TO DO:
Starting at the first line of the listing below, retype each line up to and including the one that contains "安徽省合肥市公司測繪資質,合肥測繪院。". Leave pictures out.

LISTED ENTRIES:
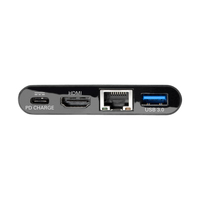 Tripp Lite U444-06N-HGUB-C USB-C Multiport Adapter - HDMI, USB 3.2 Port, GbE, 60W PD Charging, HDCP, Black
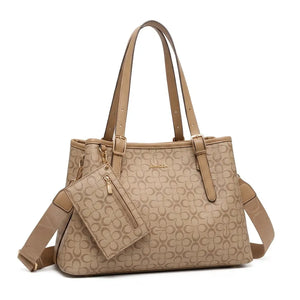 Coconuda - Borsa + portamonete shopping spalla simil pelle fantasia Logata tote bag tracolla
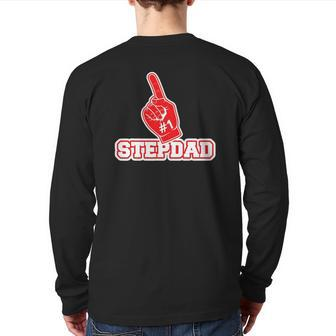 1 Stepdad Number One Foam Finger Father Tee Back Print Long Sleeve T-shirt | Mazezy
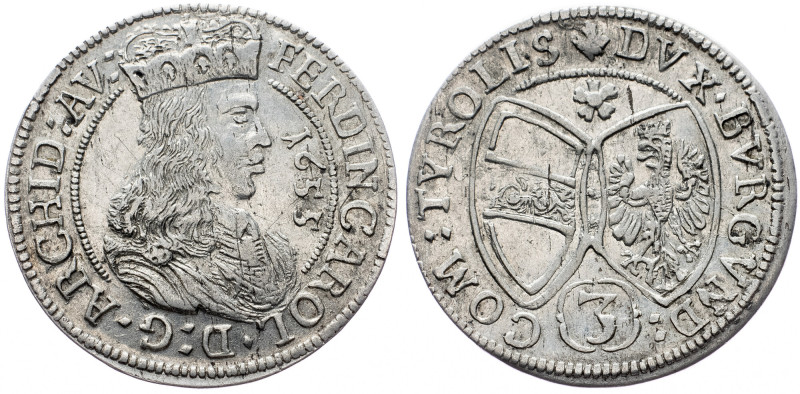 Archduke Ferdinand, 3 Kreuzer 1655, Hall Archduke Ferdinand, 3 Kreuzer 1655, Hal...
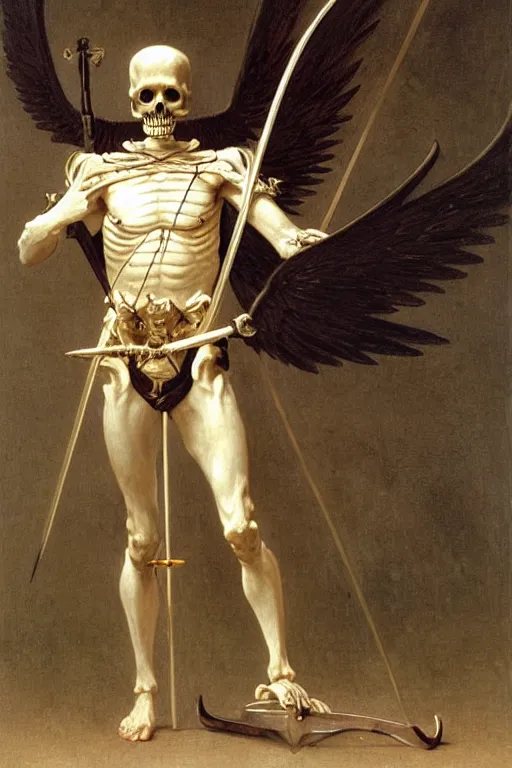 Image similar to portrait of a skeleton archer with big sword, wearing helmets and armor with wings, symmetrical, solemn, sacred, aura, by bouguereau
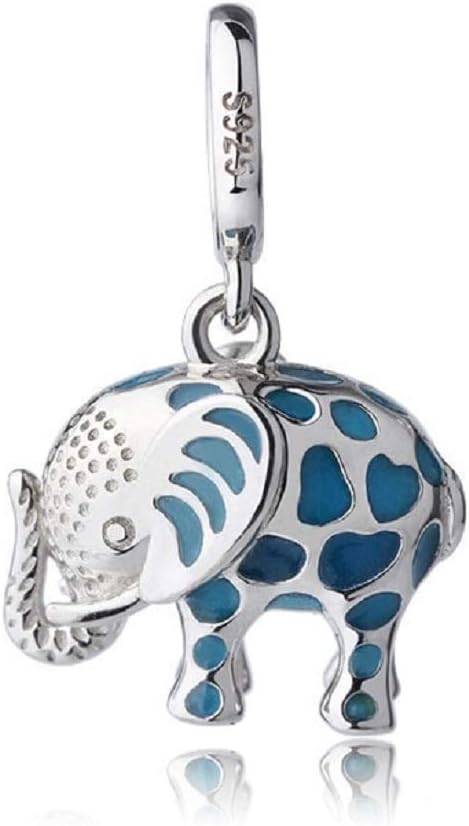 EVESCITY 925 Real Silver Gold Beads For Charm Bracelets ♥ Best Jewelry Gifts for Her Women ♥ (Blue Elephant - Glows In The Dark)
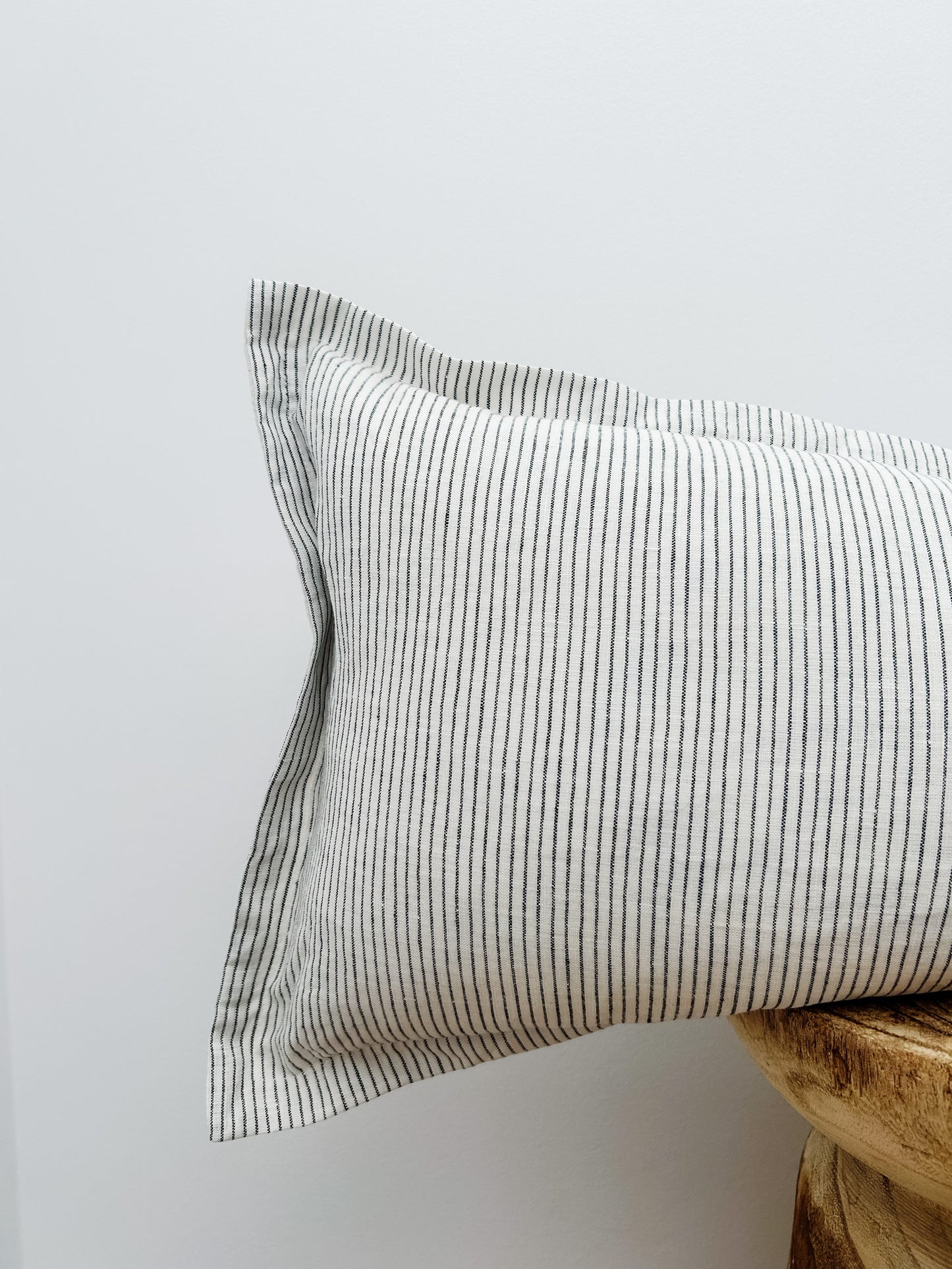 Pure French Linen Lumbar Cushion Cover with Flange Detail - Pinstripe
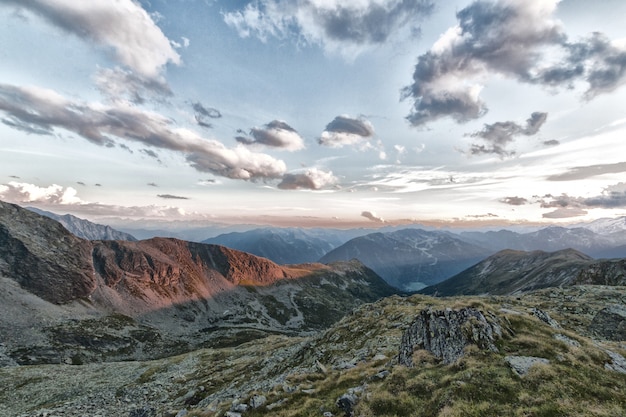 Mountains and cloudy sky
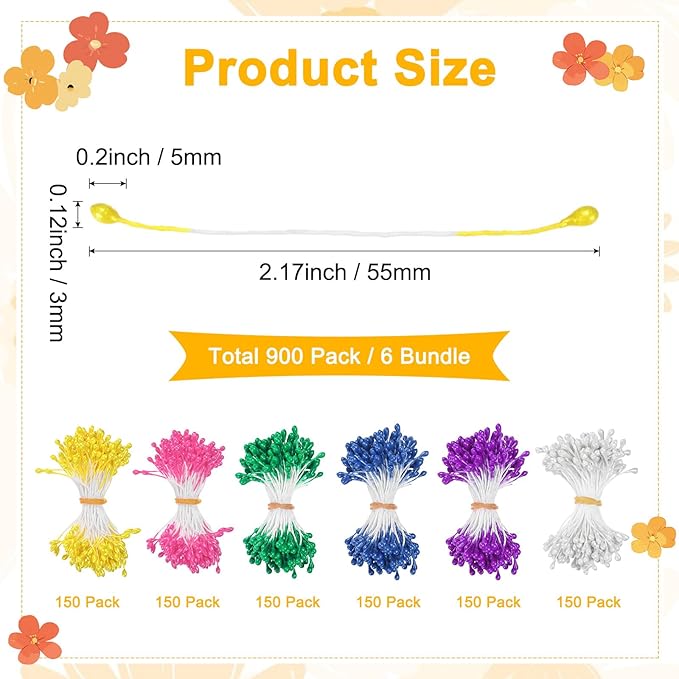 900-Pack Flower Stamens for Crafts, 5mm Double Heads Artificial Pearl Floral Pistil Mini Flower Pollens Stamens for DIY Making/Scrapbook Decoration [Green and 5 Colors]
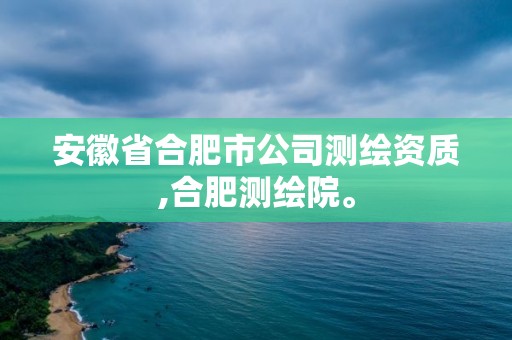 安徽省合肥市公司測繪資質,合肥測繪院。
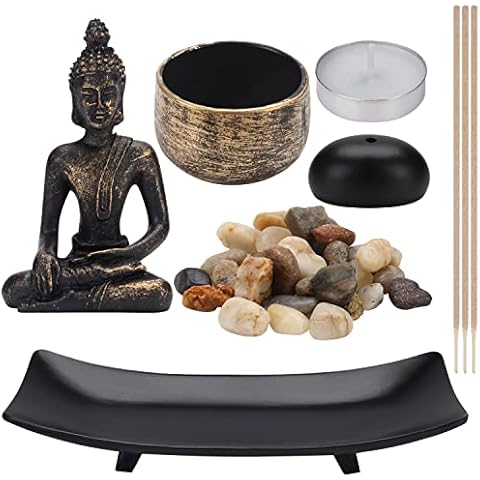 Portavelas de velas pequeñas BELLE VOUS con Quemador de Incienso Buda Sentado en Bandeja de Jardin Zen Cover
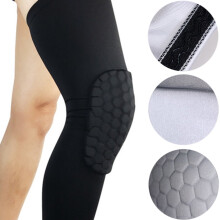 Yesbay 1 Stück atmungsaktive Sport-Knieschoner für Fußball und Basketball, Wabenform, Beinstütze – Schwarz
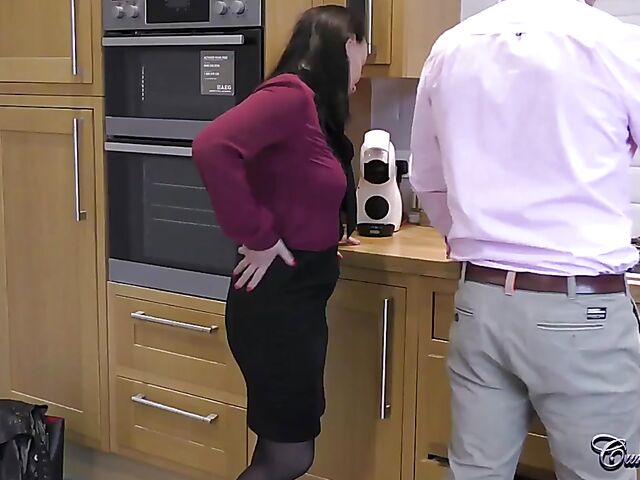 Eva May - British MILF blowjob facial in the middle of the kitchen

SOLUTION FOR THIS PROBLEM:
 Tripp Lite U444-06N-HGUB-C USB-C Multiport Adapter - HDMI, USB 3.2 Port, GbE, 60W PD Charging, HDCP, Black
 Coconuda - Borsa + portamonete shopping spalla simil pelle fantasia Logata tote bag tracolla
 1 Stepdad Number One Foam Finger Father Tee Back Print Long Sleeve T-shirt | Mazezy
 Archduke Ferdinand, 3 Kreuzer 1655, Hall Archduke Ferdinand, 3 Kreuzer 1655, Hal...
 Image similar to portrait of a skeleton archer with big sword, wearing helmets and armor with wings, symmetrical, solemn, sacred, aura, by bouguereau
 EVESCITY 925 Real Silver Gold Beads For Charm Bracelets ♥ Best Jewelry Gifts for Her Women ♥ (Blue Elephant - Glows In The Dark)
 Pure French Linen Lumbar Cushion Cover with Flange Detail - Pinstripe
 Mountains and cloudy sky
 900-Pack Flower Stamens for Crafts, 5mm Double Heads Artificial Pearl Floral Pistil Mini Flower Pollens Stamens for DIY Making/Scrapbook Decoration [Green and 5 Colors]
 安徽省合肥市公司測繪資質,合肥測繪院。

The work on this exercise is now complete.